Chairman of the House Financial Services Committee Patrick McHenry today claimed that the Biden Administration was trying to "kill" the digital asset industry in the U.S. with its new proposal for crypto tax regulations.

McHenry (R-NC) said in a statement Friday that the new proposal was lacking clarity and urged for clearer rules.

Top cryptocurrency exchanges may soon have to report customer information to the Internal Service Revenue (IRS) under the rules proposed by the Biden Administration on Friday.


"The Biden Administration must end its effort to kill the digital asset ecosystem in the U.S. and work with Congress to finally deliver clear rules of the road for this industry," said McHenry, adding that any "proposed rule must be narrow, tailored, and clear."

The proposed rules from the U.S. Department of the Treasury and the IRS aim to target crypto investing tax dodgers.

American taxpayers currently owe tax on gains, but this can be a difficult and expensive process.
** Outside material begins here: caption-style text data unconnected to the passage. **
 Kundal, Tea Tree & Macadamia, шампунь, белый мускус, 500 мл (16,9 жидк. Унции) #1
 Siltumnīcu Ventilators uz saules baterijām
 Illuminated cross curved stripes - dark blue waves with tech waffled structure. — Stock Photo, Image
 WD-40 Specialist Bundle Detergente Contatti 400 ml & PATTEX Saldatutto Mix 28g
These new rules, Friday's statement said, make the process easier to "close the tax gap."

"This is part of a broader effort at Treasury to close the tax gap, address the tax evasion risks posed by digital assets, and help ensure that everyone plays by the same set of rules," the Treasury Department announcement said.

The new rules would ask platforms that facilitate the buying and selling of digital assets, also known as crypto brokers, to track and report key information—as stock and bond brokers currently do.
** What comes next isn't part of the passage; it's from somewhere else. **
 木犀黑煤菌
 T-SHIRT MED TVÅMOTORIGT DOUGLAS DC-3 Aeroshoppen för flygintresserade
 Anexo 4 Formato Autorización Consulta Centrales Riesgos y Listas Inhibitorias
The proposed rules would also target decentralized exchanges (DEXs). Such crypto exchanges do not collect customer data and require no personal details from users—unlike Binance or Coinbase.

And some have already said that this would hurt the decentralized finance (DeFi) industry.
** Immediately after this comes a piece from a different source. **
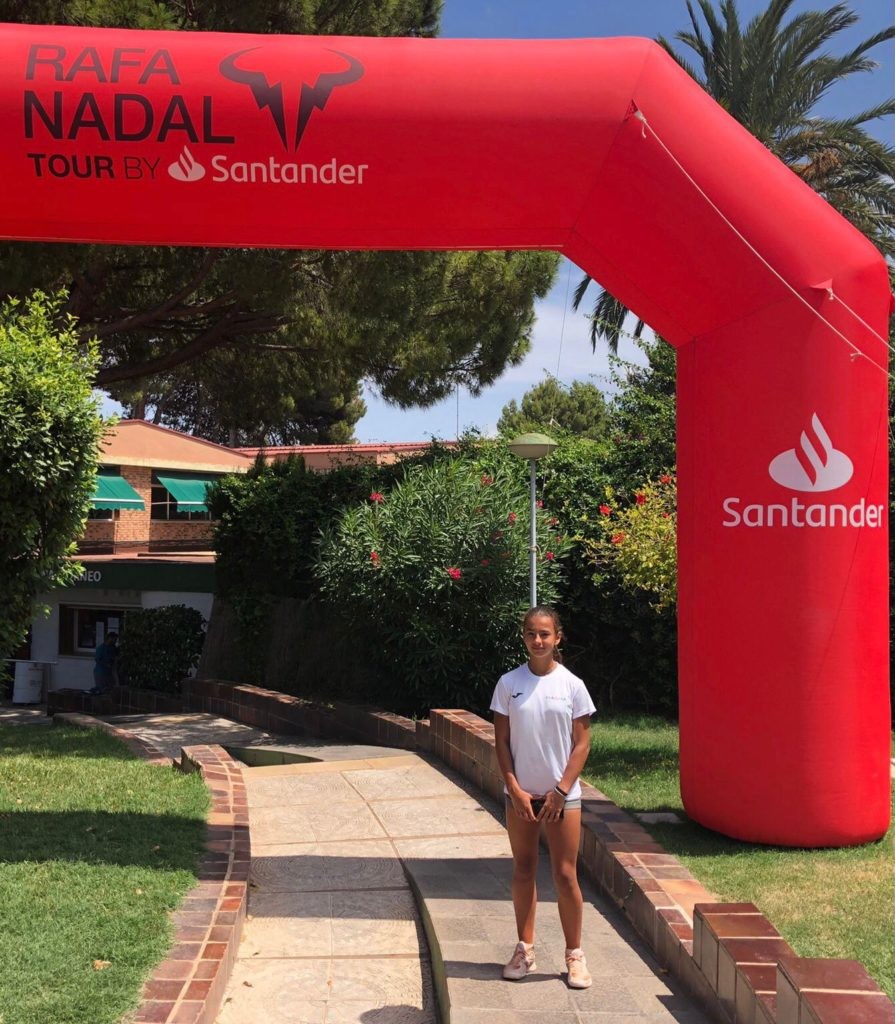 Idoia Razquin, Subcampeona en el Torneo Rafa Nadal de Valencia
General counsel for Delphi Labs Gabriel Shapiro said on Twitter that the proposed rules "could be a devastating blow to the use of P2P protocols" in the U.S. as it would ask operators of such exchanges to collect data from users.

While Kristin Smith, CEO of Washington, D.C.-based nonprofit Blockchain Association, told Decrypt that "given the reporting requirements, a platform or protocol would need to centralize in order to comply, eliminating all benefits of decentralization including security and transparency."

McHenry is vocal about the crypto industry and has clashed with Democrats over how to regulate the it. Last month, he urged a stablecoin regulation bill go ahead after it hit a wall due to criticisms from Democrats.

The proposed regulations are open for public comment and feedback until October 30.

Editor's Note: Post updated to add more recent comment from Kristin Smith.